%%
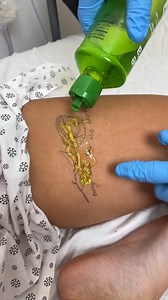 Tattoo Removed with a Groundbreaking Method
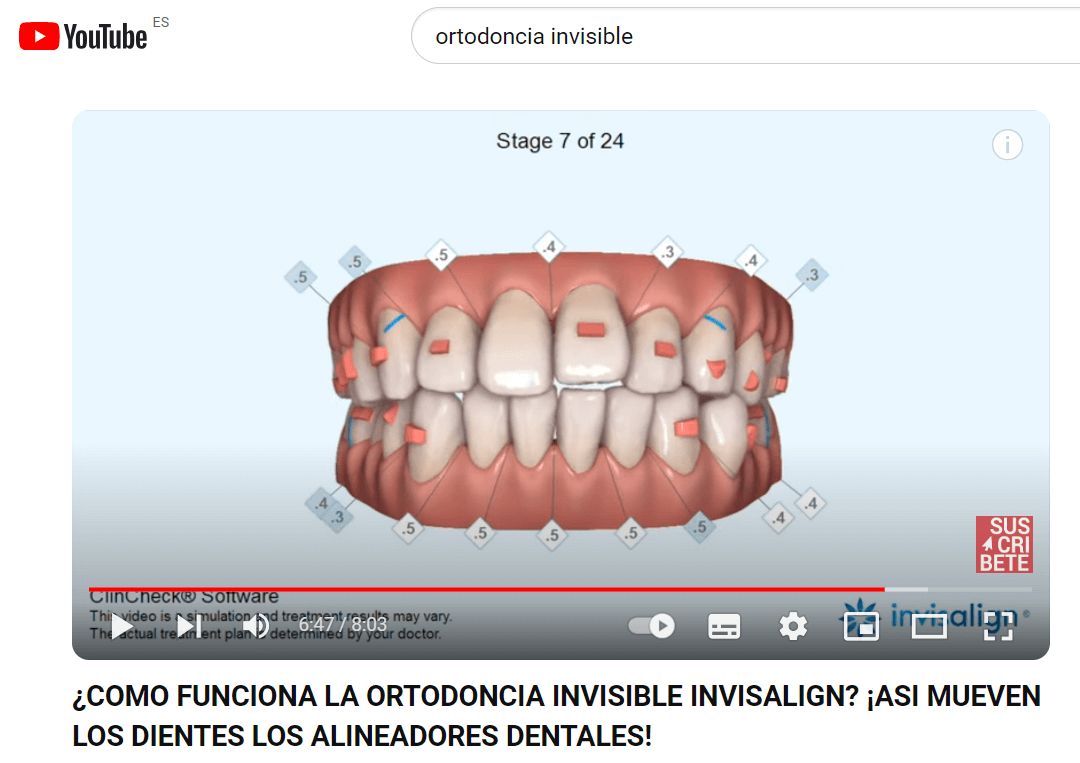 Captura de un vídeo cuyo título es ¿Cómo funciona la ortodoncia invisible invisalight? y muestra una dentadura con unos dientes que no están alineados y unas marcas en ellos.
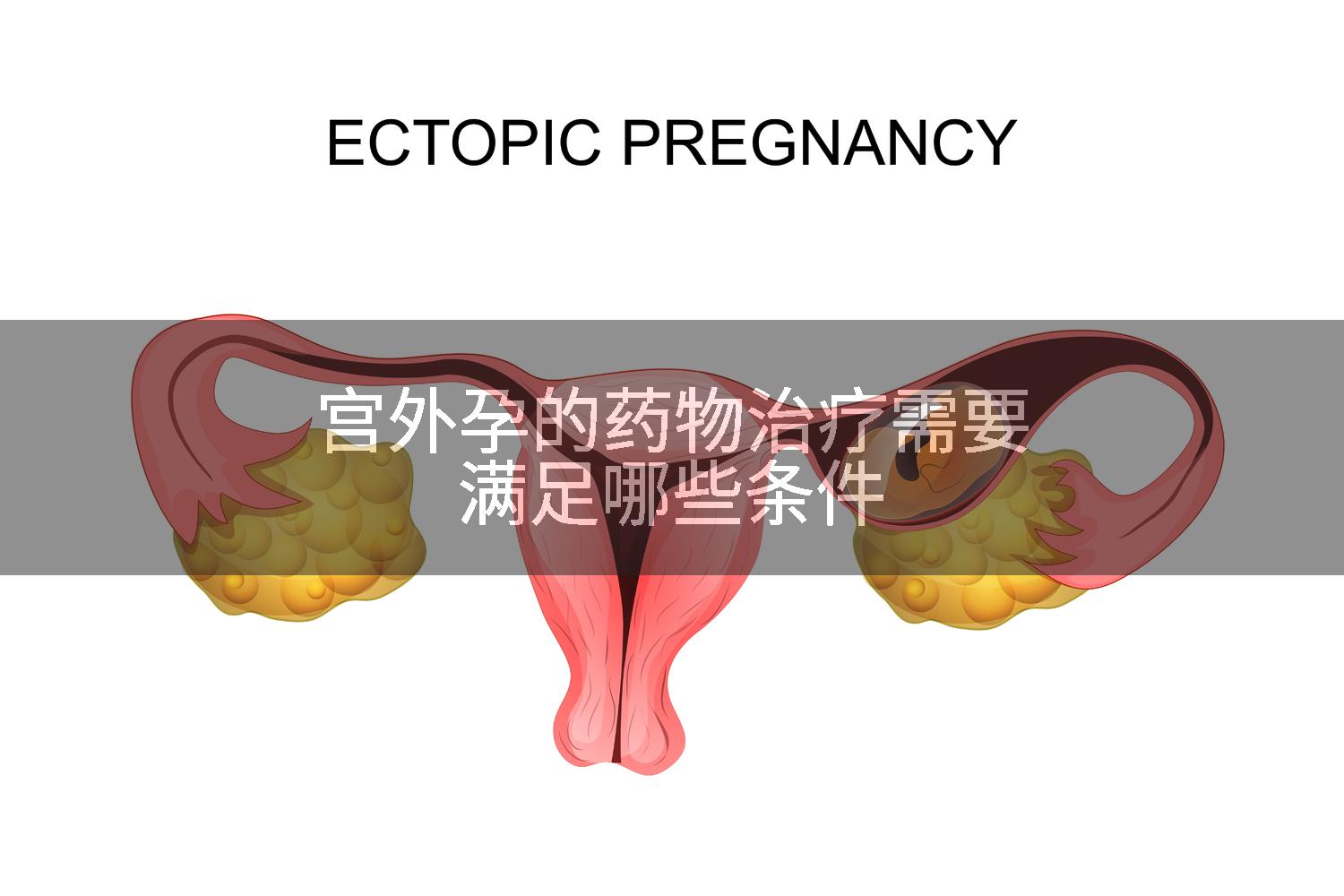 宫外孕的药物治疗需要满足哪些条件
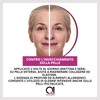 Q1 Q-Derm Intensive Anti-Wrinkle Cream for Women with Refreshing and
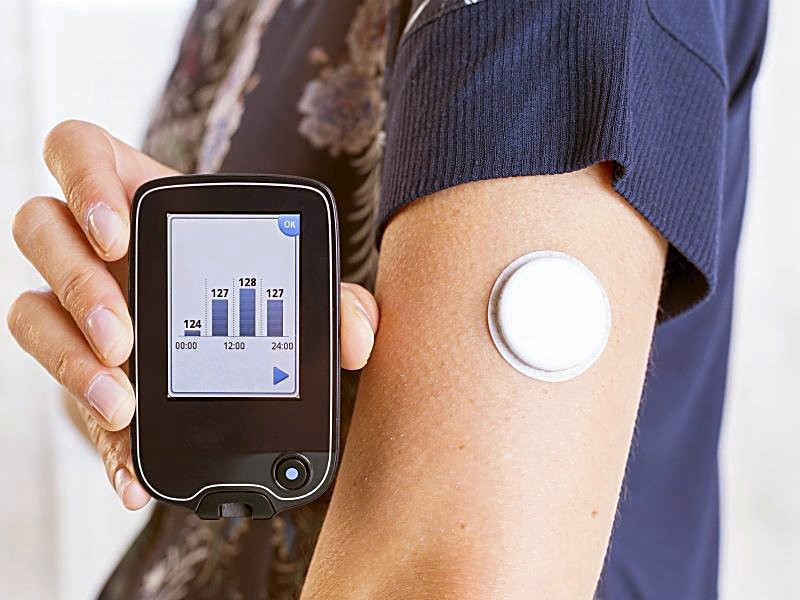 advancements have been made in CGM technology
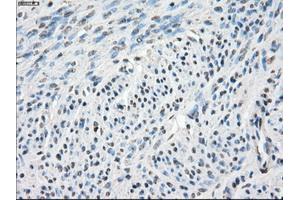Immunohistochemistry (IHC) image for anti-Carbonic Anhydrase IX (CA9) antibody (ABIN1497095) (CA9 anticorps)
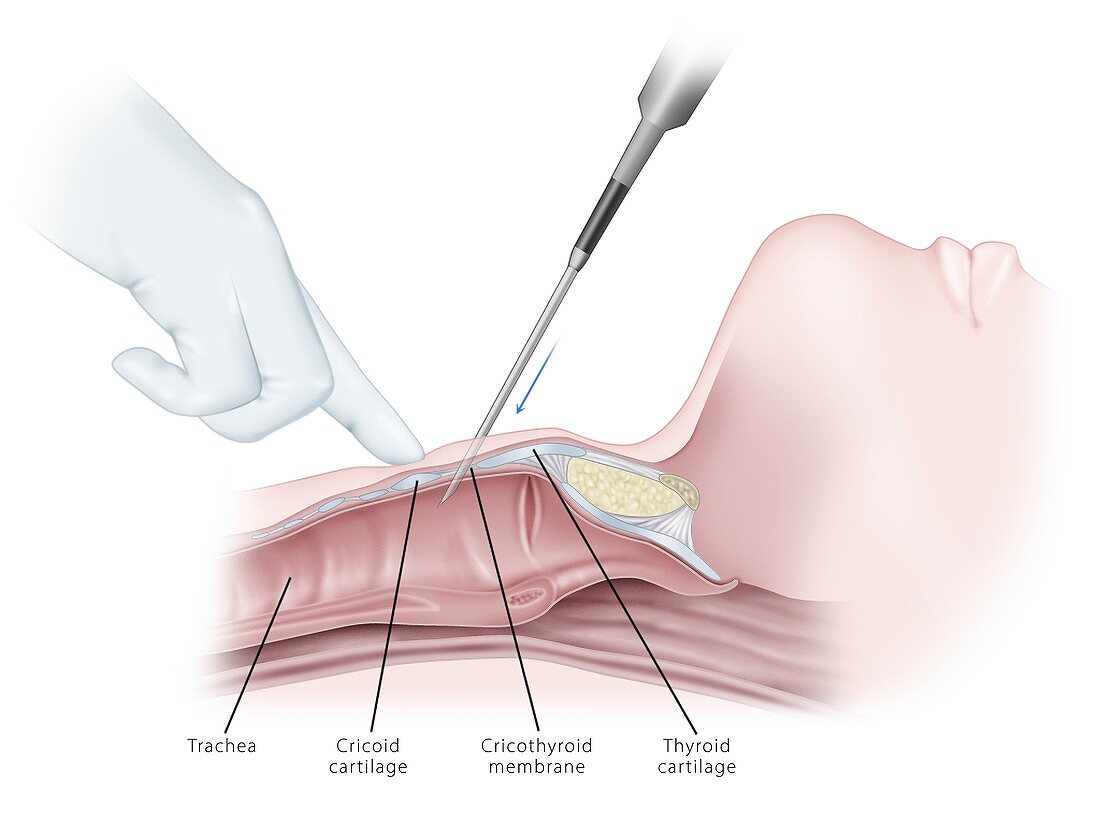 Cricothyrotomy airway puncture, illustration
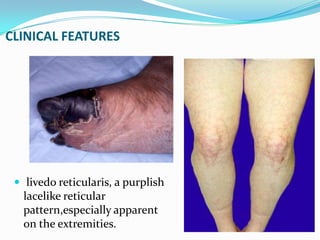 Antiphospholipid syndrome.pptx new | PPTX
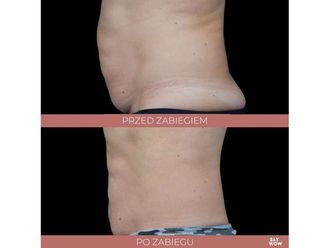 Liposukcja nieinwazyjna przed i po - 685909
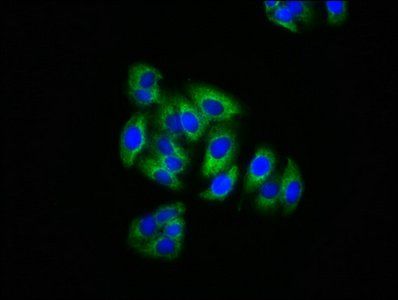 KRIT1 antibody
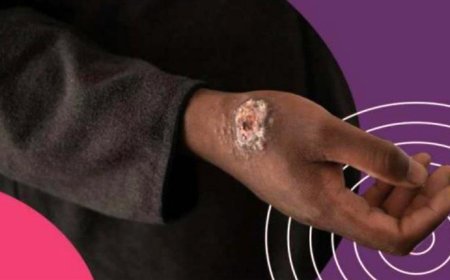 الصحة العالمية: هناك انتشار لمرض الليشمانيا في اليمن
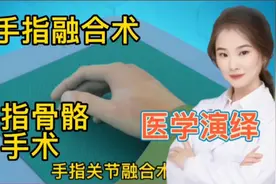 医学演绎 人体手指关节发炎 移位骨骼坏死 看医生进行融合关节术视频封面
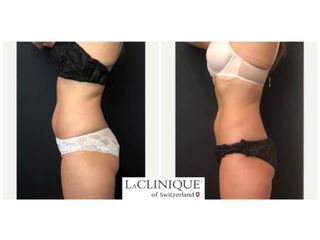 Criolipolisi - LaCLINIQUE of Switzerland®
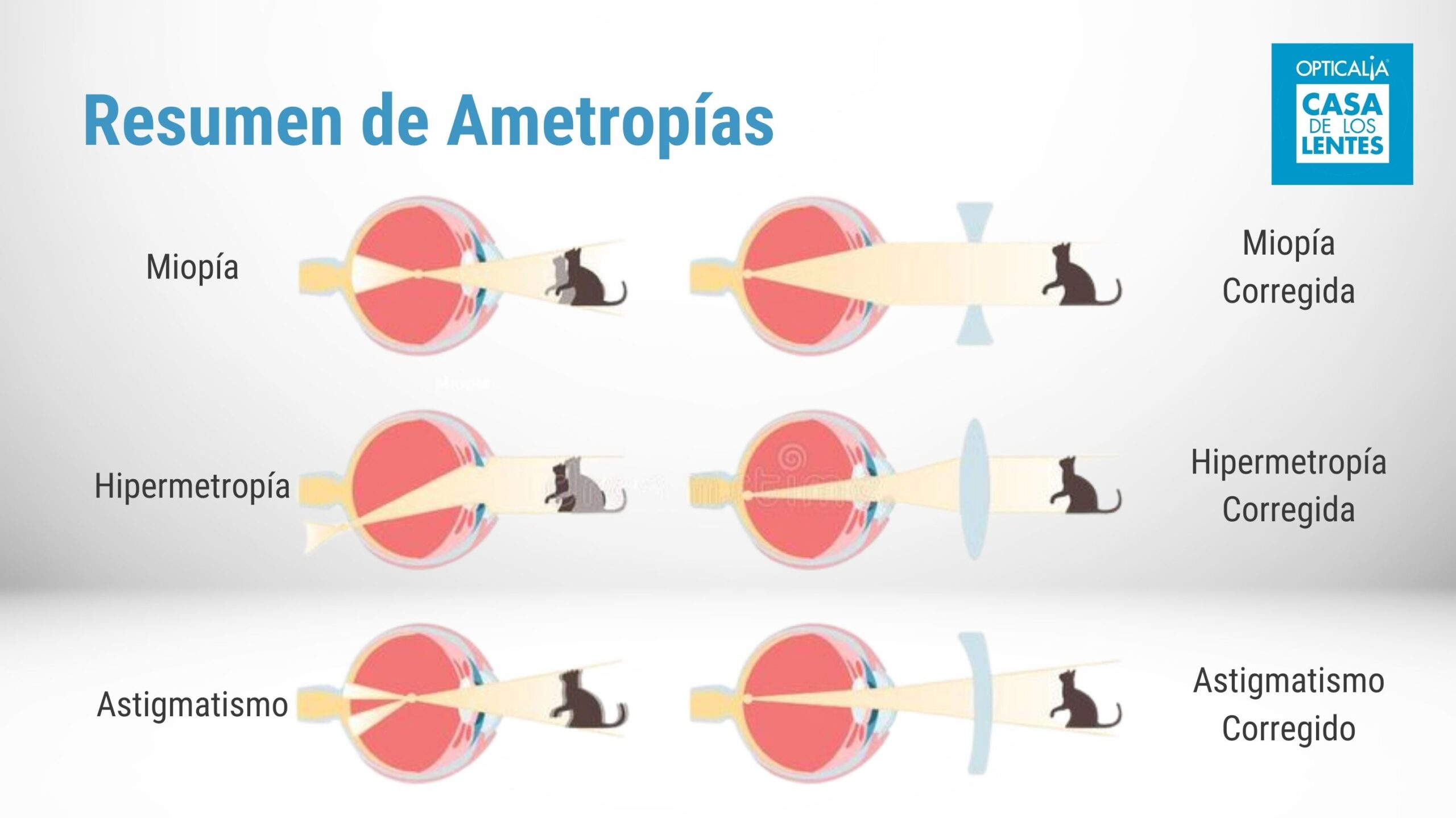 Ametropias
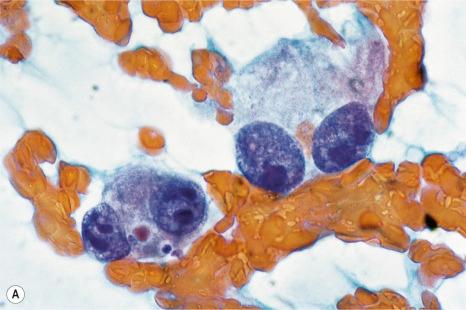 Fig. 30.26, Fine needle aspirate: this is an example of metastatic malignant melanoma. Note ( A ) the large nucleoli and ( B ) the intracytoplasmic pigment.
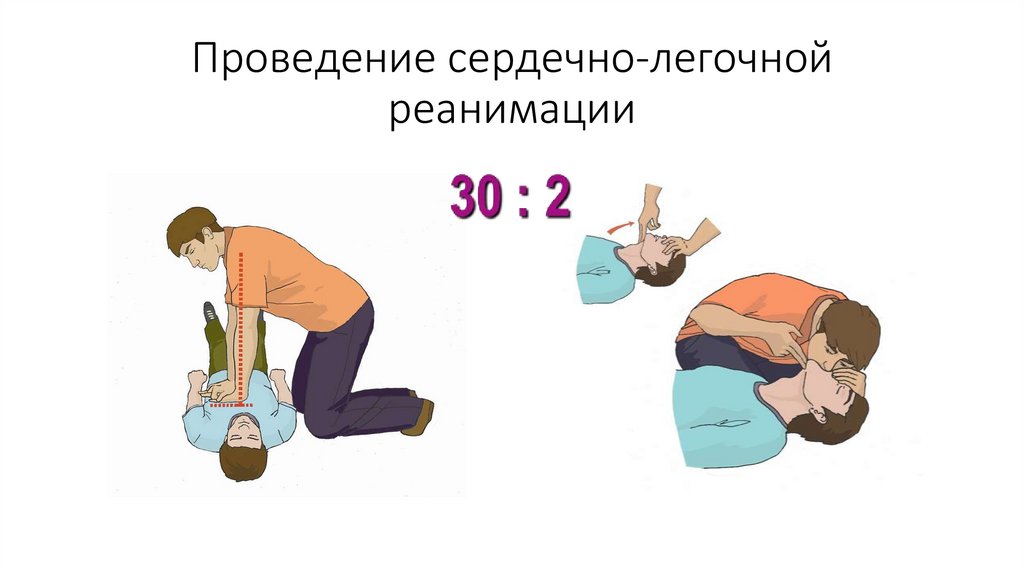 Проведение сердечно-легочной реанимации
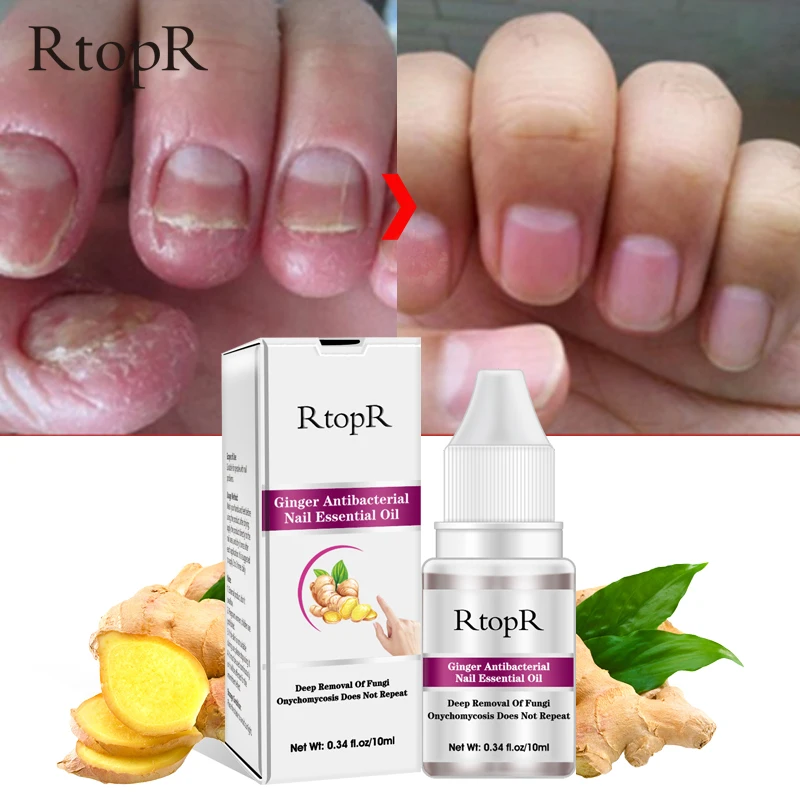 Ginger Antibacterial Nail Treatment Onychomycosis Paronychia Anti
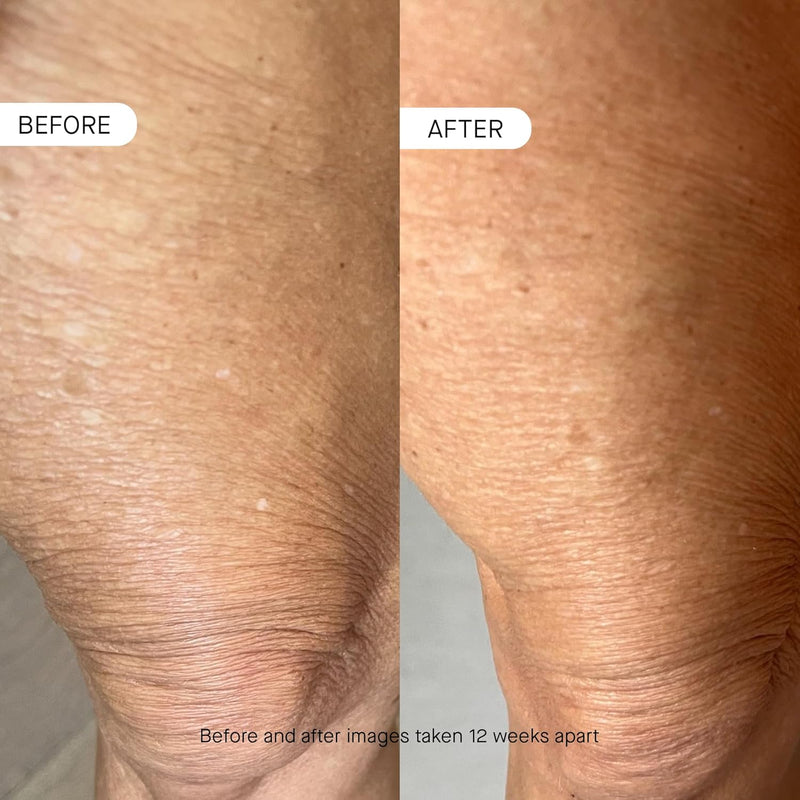 oneskin BODY OS-01 Peptide Skin Longevity Daily Moisturizer- Improves Skin Texture & Barrier, Safe for Sensitive Skin Infinity Warehouse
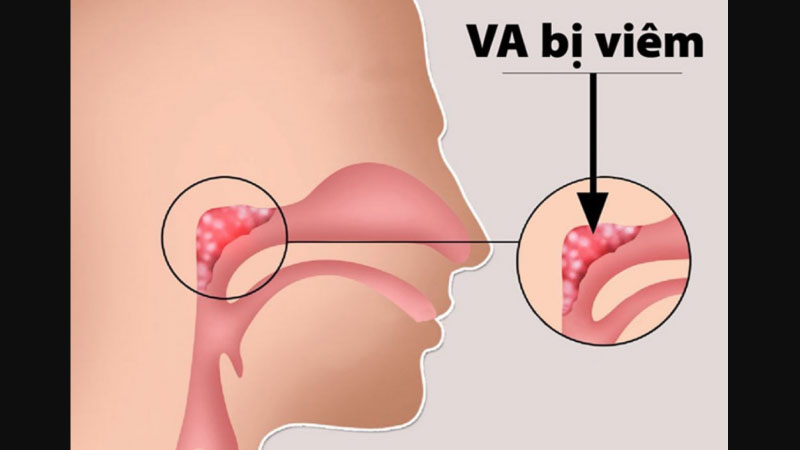 viêm va là gì 1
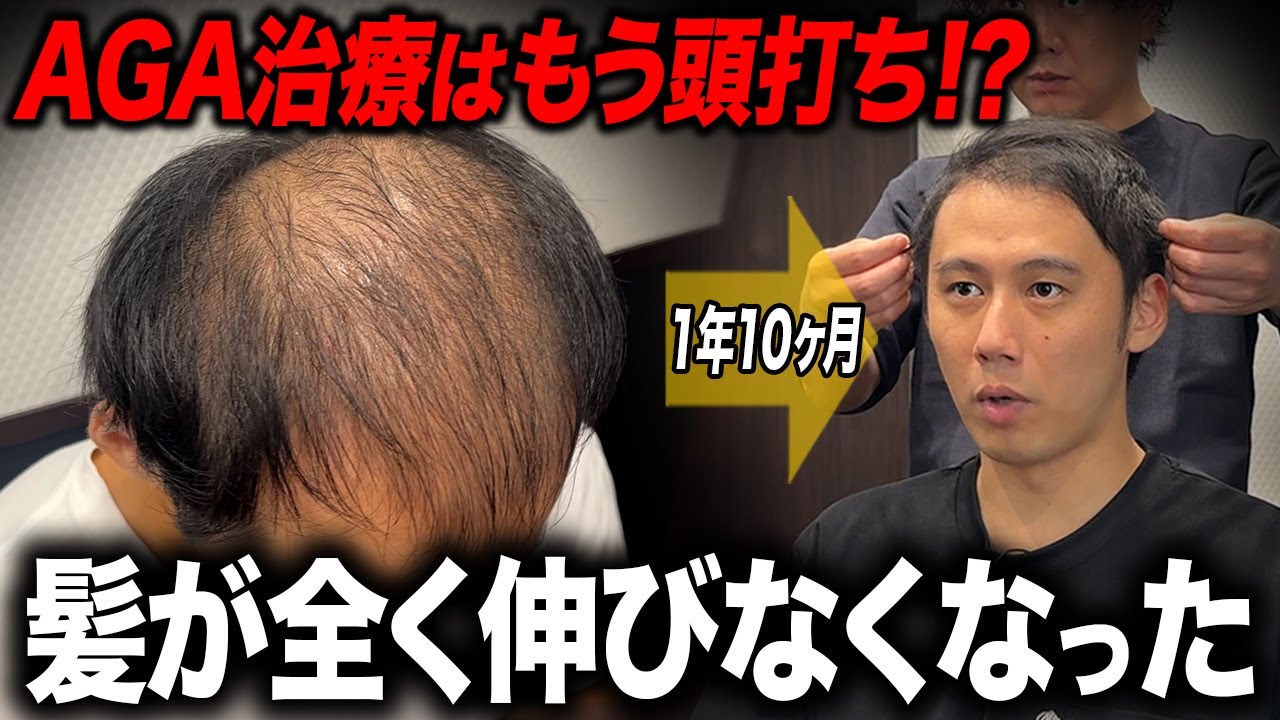 【本当に限界】AGA治療1年10ヶ月で効果の頭打ちに直面...。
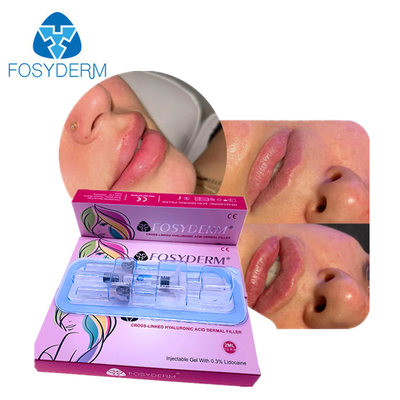Gesichtsverjüngung HA Hautfüllmittel für das Gesicht Kinn Wange Lippen Körper Bestie Gesäß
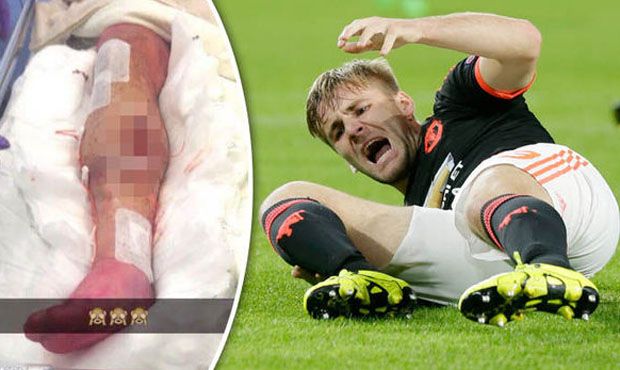 5 Tekel Horor yang Nyaris Menghancurkan Karier Pesepak Bola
%%
» **WHAT THIS TASK INVOLVES**
All entries should be restated word for word; no images belong in the copy.

» **SOLUTION FOR THIS PROBLEM**
 Tattoo Removed with a Groundbreaking Method
 Captura de un vídeo cuyo título es ¿Cómo funciona la ortodoncia invisible invisalight? y muestra una dentadura con unos dientes que no están alineados y unas marcas en ellos.
 宫外孕的药物治疗需要满足哪些条件
 Q1 Q-Derm Intensive Anti-Wrinkle Cream for Women with Refreshing and
 advancements have been made in CGM technology
Immunohistochemistry (IHC) image for anti-Carbonic Anhydrase IX (CA9) antibody (ABIN1497095) (CA9 anticorps)
 Cricothyrotomy airway puncture, illustration
 Antiphospholipid syndrome.pptx new | PPTX
 Liposukcja nieinwazyjna przed i po - 685909
 KRIT1 antibody
 الصحة العالمية: هناك انتشار لمرض الليشمانيا في اليمن
 医学演绎 人体手指关节发炎 移位骨骼坏死 看医生进行融合关节术视频封面
 Criolipolisi - LaCLINIQUE of Switzerland®
 Ametropias
 Fig. 30.26, Fine needle aspirate: this is an example of metastatic malignant melanoma. Note ( A ) the large nucleoli and ( B ) the intracytoplasmic pigment.
 Проведение сердечно-легочной реанимации
 Ginger Antibacterial Nail Treatment Onychomycosis Paronychia Anti
 oneskin BODY OS-01 Peptide Skin Longevity Daily Moisturizer- Improves Skin Texture & Barrier, Safe for Sensitive Skin Infinity Warehouse
 viêm va là gì 1
 【本当に限界】AGA治療1年10ヶ月で効果の頭打ちに直面...。
Gesichtsverjüngung HA Hautfüllmittel für das Gesicht Kinn Wange Lippen Körper Bestie Gesäß
 5 Tekel Horor yang Nyaris Menghancurkan Karier Pesepak Bola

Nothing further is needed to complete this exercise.